Es previsible que cuando estas líneas se publiquen ya el ciudadano tenga absolutamente claro que la simulación de un congreso constituyente de inspiración corporativa y fascista, tal pretende instrumentar la dictadura, es un fraude sin asidero legal: un absurdo político y un desaguisado jurídico que debemos rechazar sin contemplaciones de ninguna especie, aunque para ello debamos invocar, de ser necesario, el derecho a la rebelión que asiste a los pueblos cuando se les quiere reducir al silencio y someterles a la servidumbre, violando derechos universalmente consagrados como inalienables y conculcando libertades inherentes a la democracia. Maduro confunde intencionadamente a la población, pues una cosa es la asamblea nacional constituyente contemplada en los artículos 347, 348 y 349 de la carta magna como potestad del pueblo, y solo del pueblo, y otra, muy distinta, una congregación excluyente y prostituyente de 500 fieles cooptados por el ejecutivo para que, ¡manos arriba!, avalen sus despropósitos con la señal de costumbre.

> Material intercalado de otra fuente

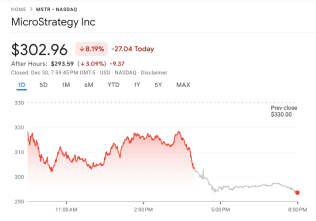 MicroStrategy shares slip 8% after its end-of-year Bitcoin buy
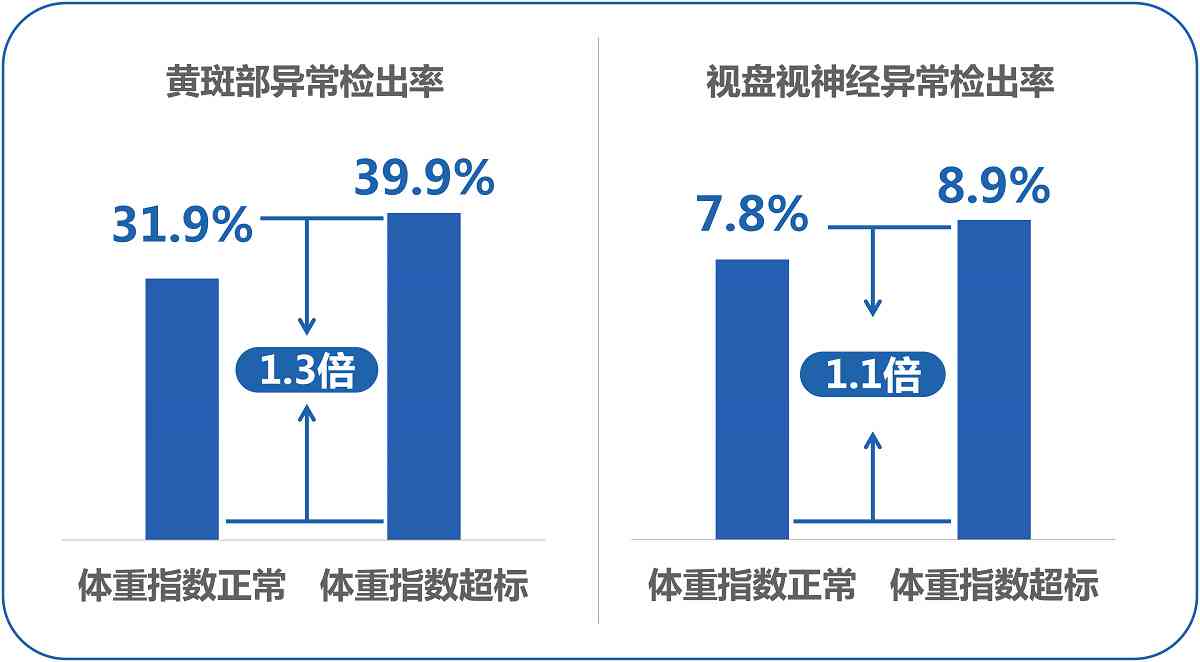 智能体检报告分析助手——一键解读各项指标，全面解析健信息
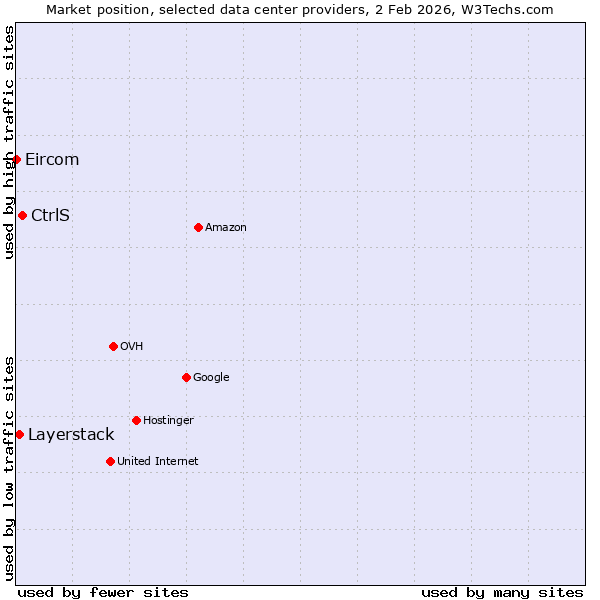 Market position of CtrlS vs. Layerstack vs. Eircom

A estas alturas resulta inexcusable que, por circunspectos, no hayamos designado ese aquelarre con el que se pretende usurpar el poder originario con la expresión “merienda de negros”, locución en desuso y políticamente inconveniente que el diccionario de la Real Academia Española (22a edición, 2002) registra como «confusión y desorden en que nadie se entiende», y podemos asumir como equivalente a despelote, batahola, barahúnda, guirigay, en fin, al caos y el despelote que buscan Maduro y su combo para profundizar la militarización del régimen y no tener que rendir cuentas a nadie porque, es cosa sabida, donde manda capitán los marineros no tienen voz ni votos. Estamos en la fase final de un autogolpe consumado sin paciencia ni salivita. No somos hormigas y estos individuos, de elefante, solo tienen el rabo, rabo parecido a un gusanito; ¡ah!, el gusanito… bueno, el gusanito es otra historia.